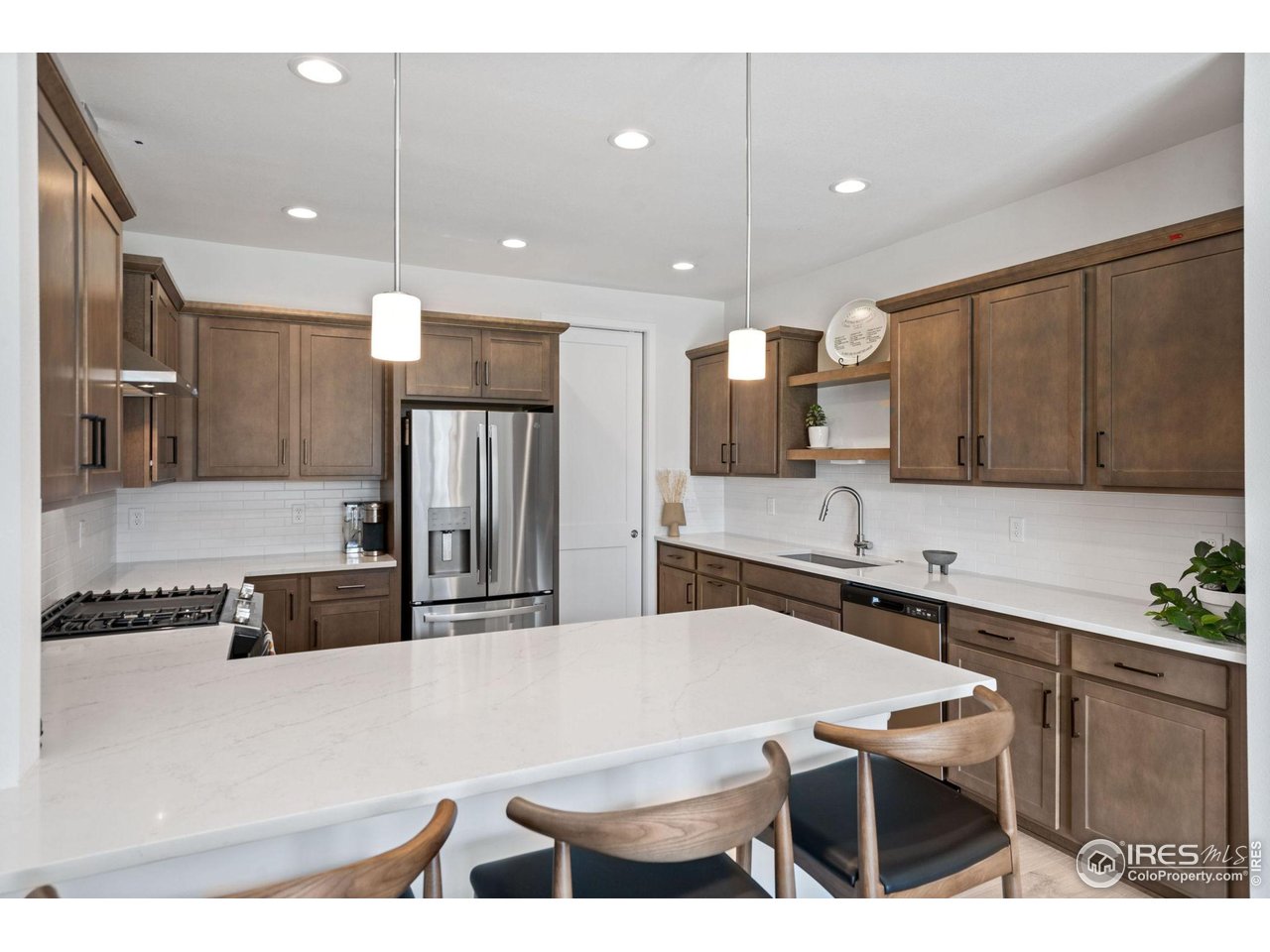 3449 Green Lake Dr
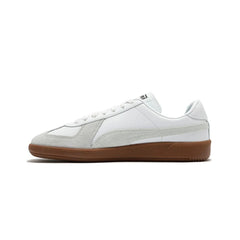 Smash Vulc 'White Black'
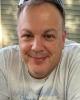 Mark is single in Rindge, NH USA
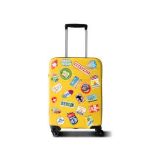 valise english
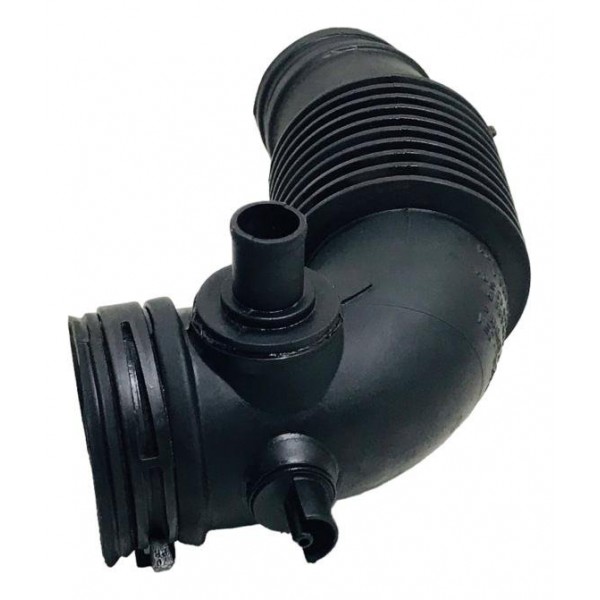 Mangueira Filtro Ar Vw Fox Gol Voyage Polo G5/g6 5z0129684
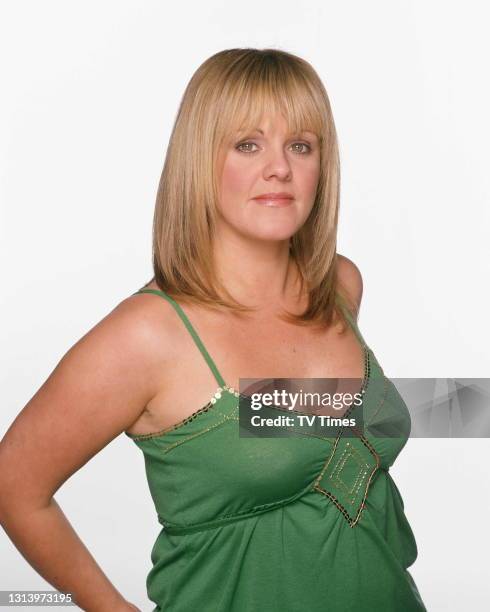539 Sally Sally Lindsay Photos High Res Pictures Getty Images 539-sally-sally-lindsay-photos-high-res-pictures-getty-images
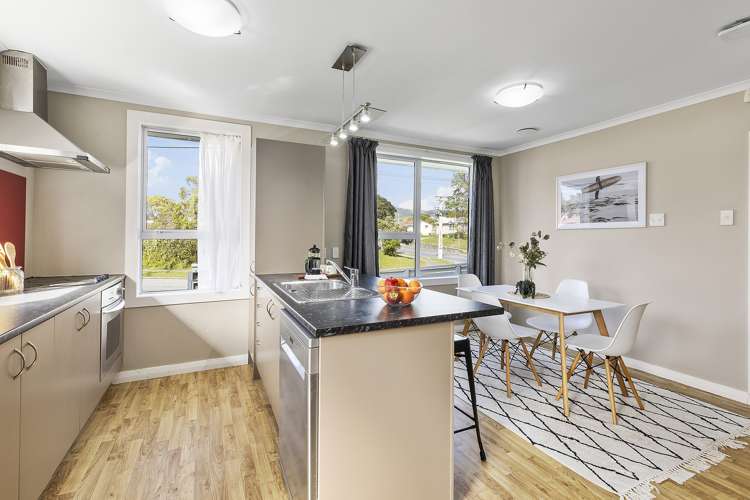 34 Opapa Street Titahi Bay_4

______________________________

**What is being asked**. Your answer must be the lines from the one containing "Smash Vulc 'White Black'" through the last line of the records, both included, written out exactly and without pictures.

**Your response**.
 Smash Vulc 'White Black'
 Mark is single in Rindge, NH USA
 valise english
 Mangueira Filtro Ar Vw Fox Gol Voyage Polo G5/g6 5z0129684
539 Sally Sally Lindsay Photos High Res Pictures Getty Images 539-sally-sally-lindsay-photos-high-res-pictures-getty-images
 34 Opapa Street Titahi Bay_4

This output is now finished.